▶ **PROBLEM REQUIREMENTS**: An exact copy of every record is needed, with the pictures left out.

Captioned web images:
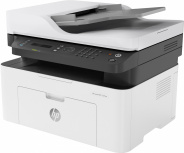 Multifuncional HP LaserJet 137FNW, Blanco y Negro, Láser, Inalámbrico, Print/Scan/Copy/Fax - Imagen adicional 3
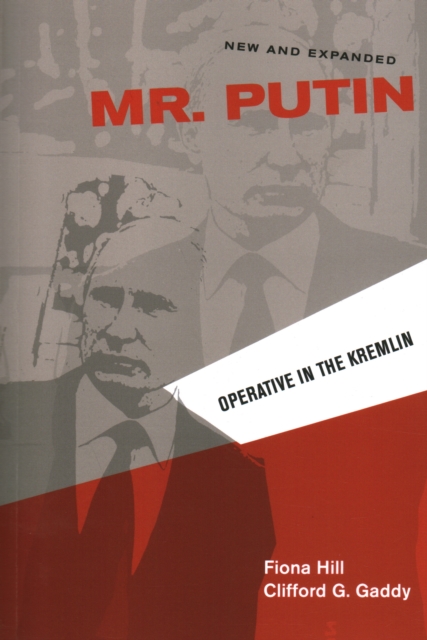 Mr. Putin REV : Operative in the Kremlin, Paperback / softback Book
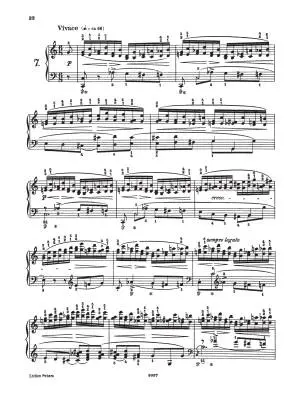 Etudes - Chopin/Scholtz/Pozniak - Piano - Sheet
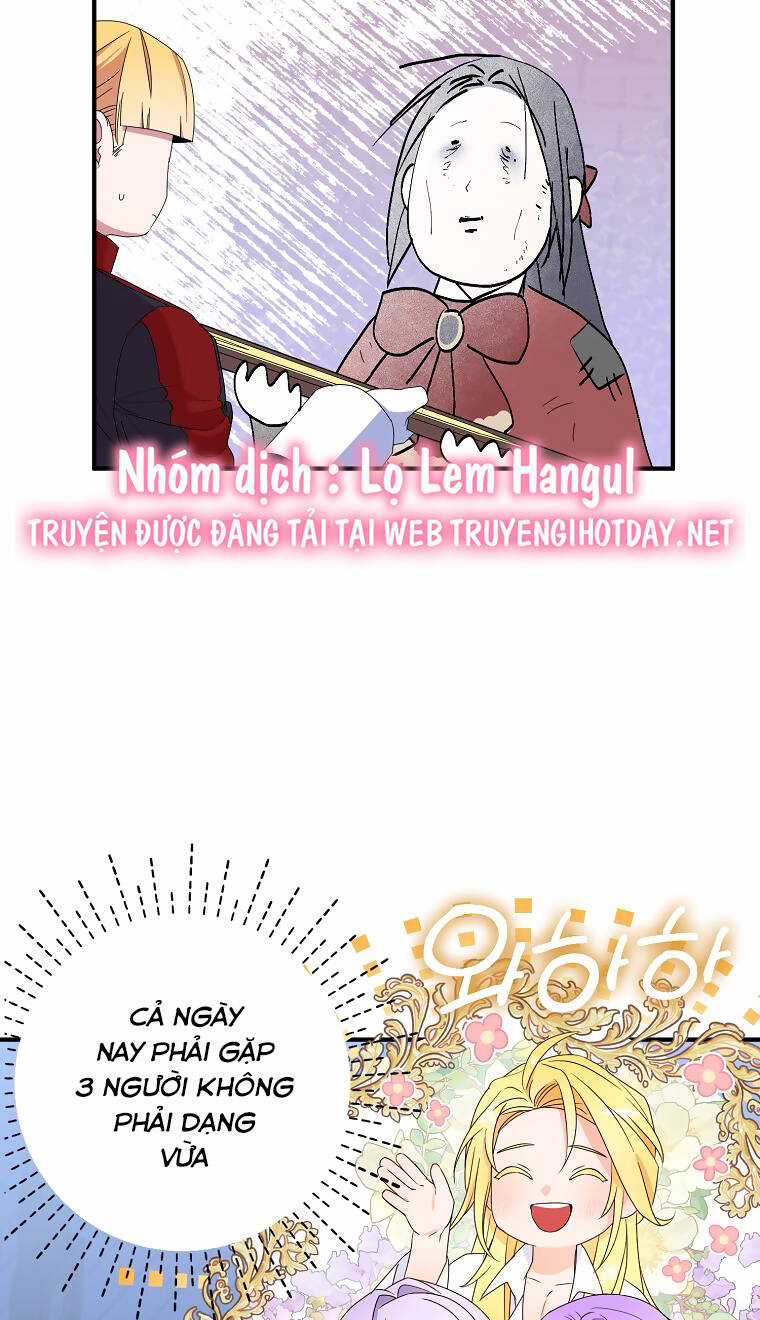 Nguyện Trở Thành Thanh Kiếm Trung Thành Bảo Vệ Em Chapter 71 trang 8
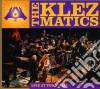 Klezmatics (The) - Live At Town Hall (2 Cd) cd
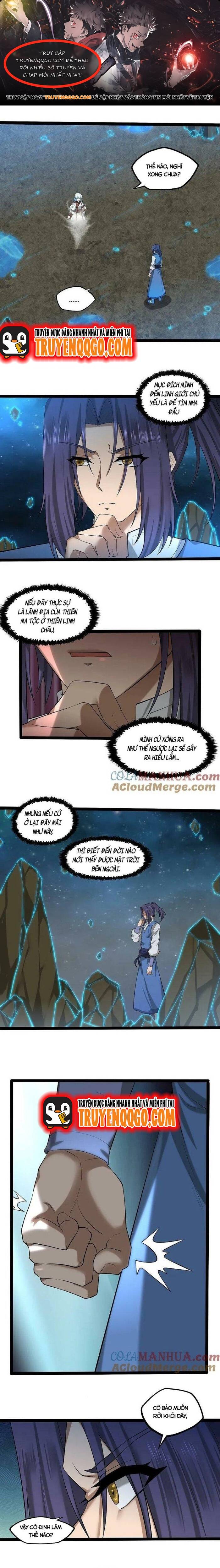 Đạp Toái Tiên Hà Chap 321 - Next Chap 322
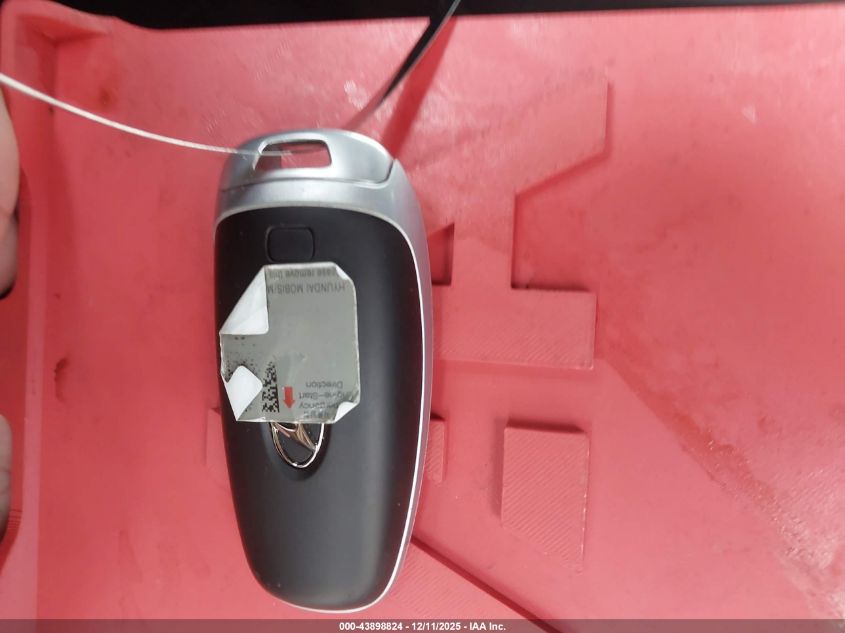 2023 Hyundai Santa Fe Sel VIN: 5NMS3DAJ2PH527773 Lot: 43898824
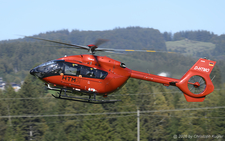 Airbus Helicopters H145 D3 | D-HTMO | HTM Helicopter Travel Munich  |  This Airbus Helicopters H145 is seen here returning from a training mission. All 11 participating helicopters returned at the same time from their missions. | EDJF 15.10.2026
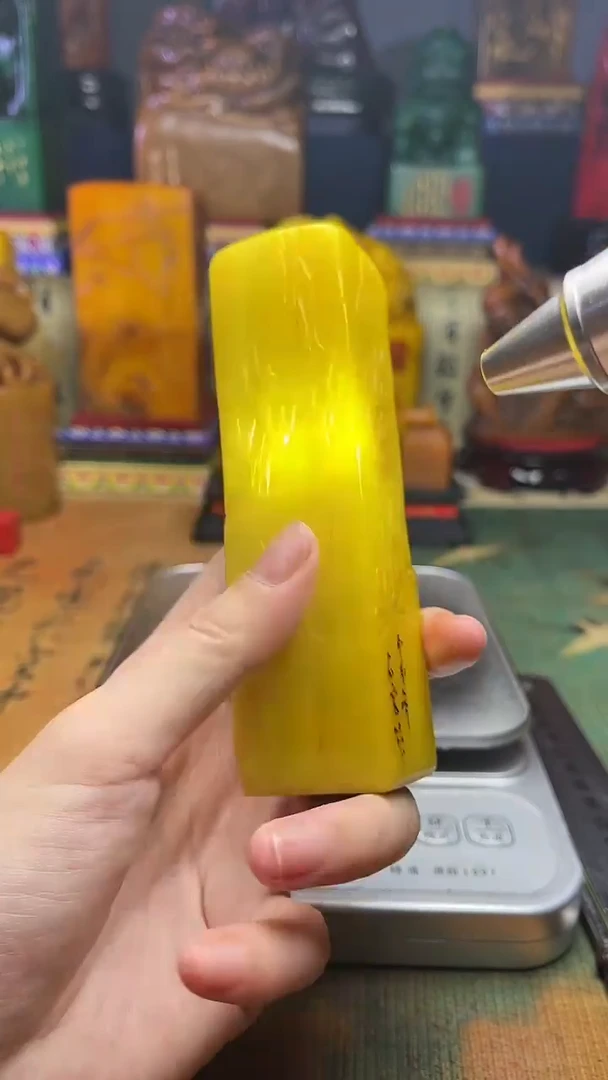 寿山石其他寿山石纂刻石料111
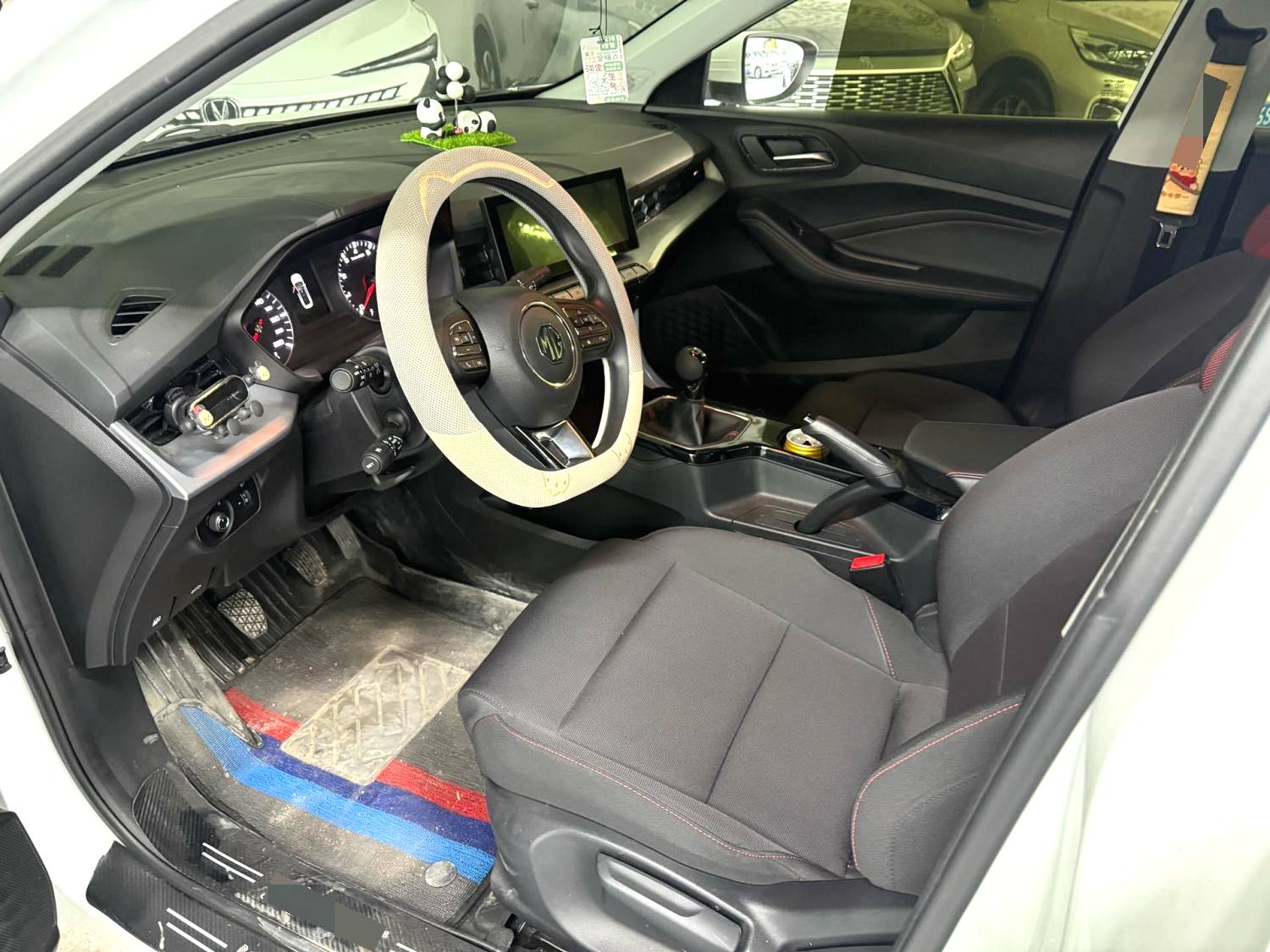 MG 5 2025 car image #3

▶ **OUTPUT**:
 Multifuncional HP LaserJet 137FNW, Blanco y Negro, Láser, Inalámbrico, Print/Scan/Copy/Fax - Imagen adicional 3
 Mr. Putin REV : Operative in the Kremlin, Paperback / softback Book
 Etudes - Chopin/Scholtz/Pozniak - Piano - Sheet
 Nguyện Trở Thành Thanh Kiếm Trung Thành Bảo Vệ Em Chapter 71 trang 8
 Klezmatics (The) - Live At Town Hall (2 Cd) cd
 Đạp Toái Tiên Hà Chap 321 - Next Chap 322
 2023 Hyundai Santa Fe Sel VIN: 5NMS3DAJ2PH527773 Lot: 43898824
 Airbus Helicopters H145 D3 | D-HTMO | HTM Helicopter Travel Munich  |  This Airbus Helicopters H145 is seen here returning from a training mission. All 11 participating helicopters returned at the same time from their missions. | EDJF 15.10.2026
 寿山石其他寿山石纂刻石料111
 MG 5 2025 car image #3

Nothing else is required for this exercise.